» ABOUT THIS EXERCISE: Each line of the data must reappear exactly in your answer, with no images included.

» DATASET SECTION:

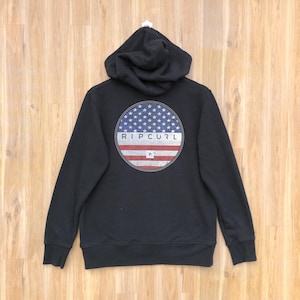 May include: Black hooded sweatshirt with a circular graphic on the back featuring a blue field of stars and red and white stripes, with the brand name "RIP CURL" in white. The sweatshirt has a drawstring hood.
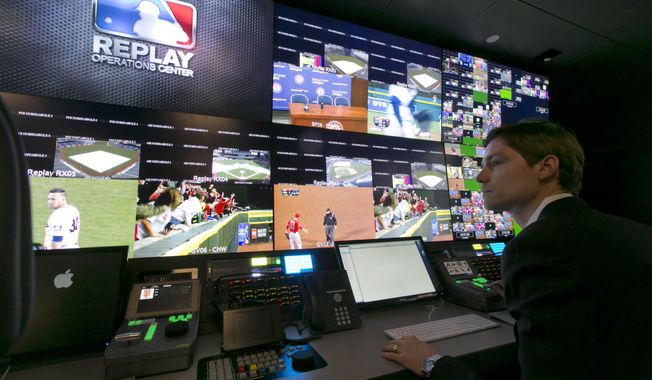 Chris Marinak sits in front of a bank of television screens during a preview of Major League Baseball&#x27;s Replay Operations Center, in New York, Wednesday, March 26, 2014.  Less than a week before most teams open, MLB is working on the unveiling of its new instant replay system, which it hopes will vastly reduce incorrect calls by umpires. (AP Photo/Richard Drew)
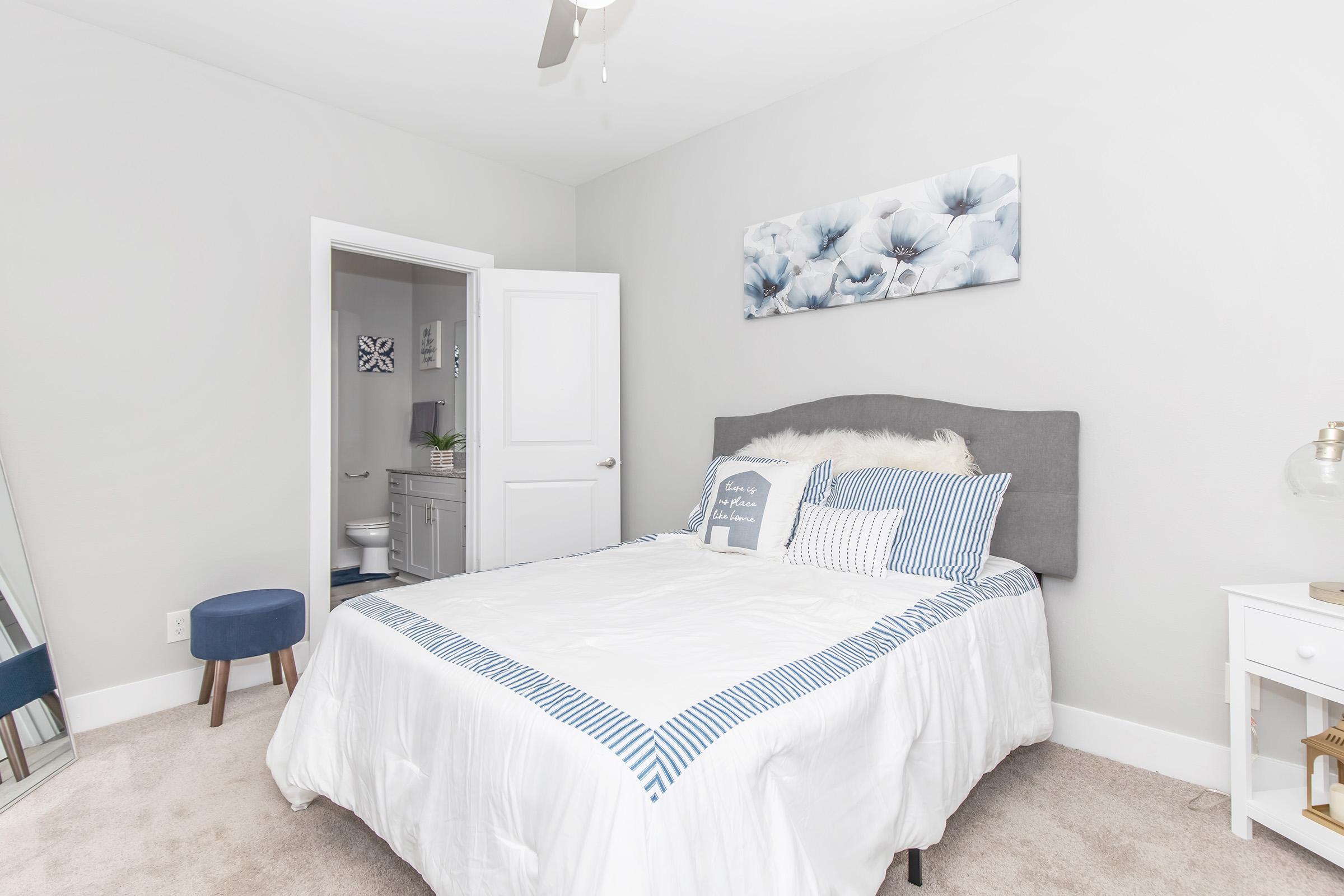A cozy, modern bedroom featuring a gray upholstered bed with blue and white striped bedding. A light gray wall with a floral painting above the bed, a small blue stool, and a white nightstand with a lamp. A bathroom door is visible in the background, and a large mirror reflects the space.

» WORKED SOLUTION:
 May include: Black hooded sweatshirt with a circular graphic on the back featuring a blue field of stars and red and white stripes, with the brand name "RIP CURL" in white. The sweatshirt has a drawstring hood.
 Chris Marinak sits in front of a bank of television screens during a preview of Major League Baseball&#x27;s Replay Operations Center, in New York, Wednesday, March 26, 2014.  Less than a week before most teams open, MLB is working on the unveiling of its new instant replay system, which it hopes will vastly reduce incorrect calls by umpires. (AP Photo/Richard Drew)
A cozy, modern bedroom featuring a gray upholstered bed with blue and white striped bedding. A light gray wall with a floral painting above the bed, a small blue stool, and a white nightstand with a lamp. A bathroom door is visible in the background, and a large mirror reflects the space.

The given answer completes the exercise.